Telemetry Analysis of the Advanced Stirling Radioisotope Generator Using a Steady State Modeling Approach

Abstract

Stirling-based energy conversion technology has demonstrated the potential of high efficiency and low mass power systems for future space missions. The Advanced Stirling Radioisotope Generator (ASRG) was funded by NASA as a candidate for the next generation of radioisotope thermal to electrical converters for use by future NASA missions. Significant progress was made developing the Advanced Stirling Radioisotope Generator (ASRG), a 140-watt radioisotope power system prior to its cancelation in 2013. This is proposed to continue at the NASA Glenn Research Center (GRC) under Stirling technology advancement to support future Stirling-based power system development. It is in the context of this continued Stirling development that the work presented in this paper is presented. The purpose of this study was to determine if the telemetry read back from the ASRG would have been comprehensive enough to detect faults in the system. The control of the ASRG is handled by the ASC Controller Unit (ACU). Communication with ACU is done through a Mil Std 1553 bus interface. Commands from the spacecraft are sent to the ACU over this interface along with telemetry from the ACU back to the spacecraft. In flight, the telemetry provided by the ACU would have been our only means of diagnosing problems, validating models, and determining the health and status of the ASRG. The work presented in this paper attempts to validate whether the telemetry provided by the ACU would have been adequate enough to perform these functions. In addition to the telemetry over the 1553 bus, temperature telemetry within the GHA can be collected by the spacecraft This analysis was performed using a model based approach.
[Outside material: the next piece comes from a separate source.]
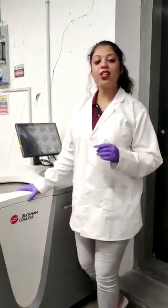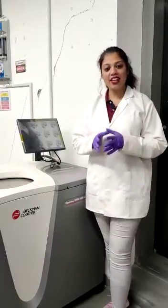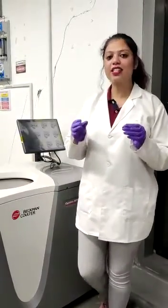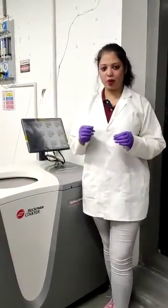Like any other centrifuge, an ultracentrifuge also works on the same principle — it creates an artificial gravity as a centrifugal force that separates the denser molecules from the lighter ones.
A model of the ASRG was generated, faults were injected into this model, and the resulting telemetry was observed. The end result was a signature in the telemetry reflecting each of the modeled faults. A follow-on analysis was looking across the signatures to see if they were unique to a given fault. Additionally, we performed sensitivity studies using our model to determine how changes to input conditions affected the output parameters sent down in the telemetry. Our results showed unique signatures for each class of faults we modeled. In some cases faults within the class were not discernible from each other.